For decades, School Hill was the center of life in Newark’s African-American community that surrounded New London Road and Cleveland Avenue. Children from the neighborhood were educated at the New London Road School, and its grounds were used for everything from athletic events to social gatherings.

Now, the neighborhood is all but gone – a casualty of changing times and development catering to university students – but for one day on Saturday, School Hill was once again the center of activity, not just for former residents of the neighborhood but for the broader Newark community.

“Right there in that building is where it all started,” former resident Conway Hayman said, pointing to the old school, which is now owned by the city and serves as the George Wilson community center. “It’s great to be home.”

Hayman went to the New London Road School for his early education, and after schools were desegregated, he attended Newark High School, where he became a star of the football team. He went on to be a star lineman at the University of Delaware and ultimately played six seasons for the Houston Oilers. He still lives in Houston.

“It’s always good to come home and see people,” he said. “Newark is my home, and it’s always going to be a place I love.”

Hayman was among dozens of former residents who returned to School Hill for Saturday’s event, which served as both a reunion for the families who once lived in the close-knit neighborhood and a broader celebration aimed at sharing and promoting the community’s legacy.

Sponsored by Friends of School Hill and the city of Newark, the event featured free food, music by several local groups and a display of old photos. Historian and former resident Syl Woolford gave a presentation featuring old yearbook photos, which drew a number of cheers from audience members who recognized themselves or family members.

Organizers hope the celebration becomes an annual event.

“Without this community, Newark wouldn’t be the city it is today,” Mayor Jerry Clifton said. “This is what we should be celebrating.”

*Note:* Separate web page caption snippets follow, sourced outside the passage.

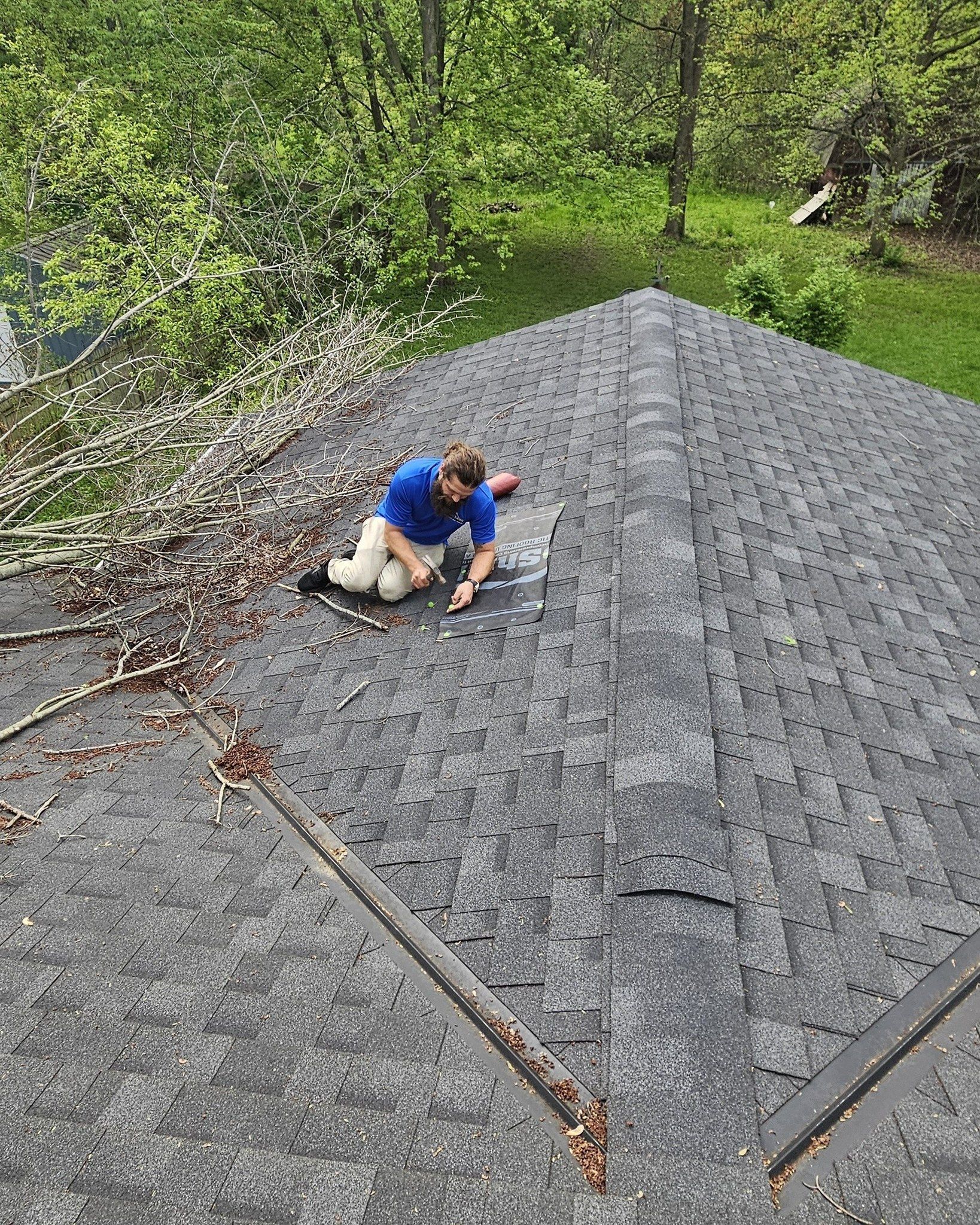 Person in a blue shirt crawling on a steep gray shingled roof surrounded by trees.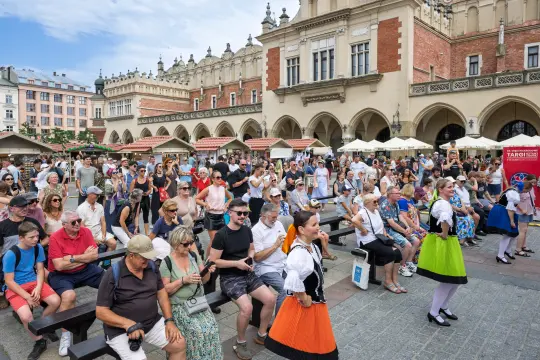 Tłum ludzi na rynku, występy artystyczne, kolorowe stroje, letnia atmosfera.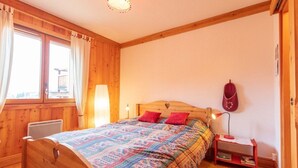 A wooden-paneled room with a bed, a nightstand, a lamp, and a window with curtains.
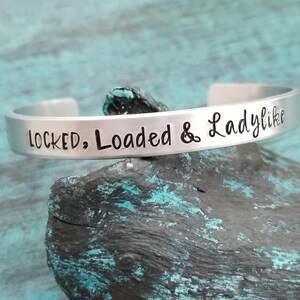 Op de afbeelding: Zilveren armband met de inscriptie "LOCKED, Loaded & Ladylike".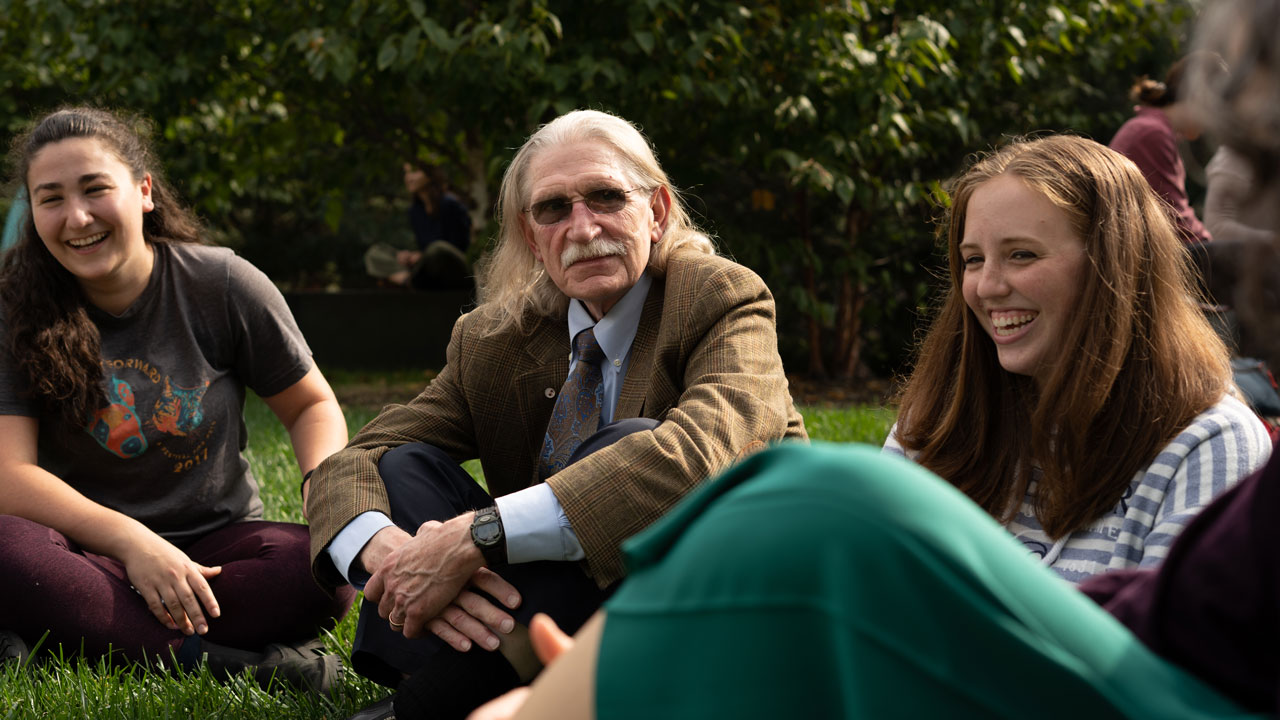 Dr. Dwight Bowman seated in an exterior courtyard with students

The community traces its roots back to 1786, when free black families settled near New London Road. At some point, the area was designated as the only place black families could live in Newark, Woolford said, noting that, not coincidentally, the area was near the town dump.

The first school opened on Cleveland Avenue shortly after the Civil War, and the building that is now the George Wilson Center was built in 1922, one of a number of black schools funded by Pierre. S. duPont.

The community continued expanding in response to racial segregation elsewhere in Newark, and it eventually was home to a number of businesses, including a barbershop, a gas station, a pool hall, a convenience store, hair salons, an ice cream parlor and more.

“It was a close-knit family,” former resident Sandra Draper said. “Everybody helped everybody else.”

She shared fond memories of church services, Sunday school and vacation bible school at the community’s three churches – Mt. Zion, St. John’s and Pilgrim Baptist – as well as playing outside with other neighborhood children.

“The children were taught to respect your elders. If you were doing something you had no business doing, anybody could chastise you and steer you in the right direction. By the time you got home, your parents knew about it, and you never did it again,” Draper said. “Back then, a village did raise a child.”

Neighbors treated each other like family, she added.

“Parents would sit on the porch, catch up on the news and maybe gossip a little,” she said. “It was just a good time.”

Another former resident, Sandra Marrows, concurred.

“We learned from this community and had each others’ backs,” Marrows said. “It was our own community, and we were self-sufficient.”

Most students from the community attended Howard High School in Wilmington after aging out of the New London Road School, but that changed in 1954, when Newark High School was desegregated as a result of the Supreme Court’s Brown vs. Board decision. The New London Road School closed four years later.

Woolford said the community began to change after schools were desegregated and many of the community’s businesses closed once black residents were welcome at businesses on Main Street and elsewhere.

In the 1960s, the area was rezoned from single-family housing to multi-family housing, opening the door for developers to buy up houses and convert them into student housing, Woolford said. That trend has continued though recent years, and the neighborhood is almost entirely occupied by students, many living in large, modern townhouses that have replaced the old homes.

“The community would have held together if it hadn’t been a gold rush,” said Woolford, who resisted lucrative offers for years but finally sold his property at the corner of Cleveland Avenue and New London Road five years ago.

While the loss of the neighborhood continues to be a source of pain for many former residents, Freeman Williams, who helped organize Saturday’s event, said he hopes the celebration changes the tone of the conversation.

“It’s really focusing on a new beginning,” said Williams, who grew up on Kennard Drive and went on to serve as superintendent of the Christina School District. “We’re not focusing on the fact the community doesn’t exist in the way it has in the past but really trying to network and focus on the historical context of the community.”

Williams estimated that the event drew more than 400 people, including former residents as well as other Newarkers getting their first introduction to the neighborhood’s legacy.

As she addressed the crowd, Draper reiterated that the New London Road community still has an important story to tell.

“I just want you to know this neighborhood was very close-knit. Lots of good people came from this neighborhood,” Draper said. “The neighborhood has changed, but in spite of it all, we go on and remember where we came from and we’re going to continue to lift up those who come after us.”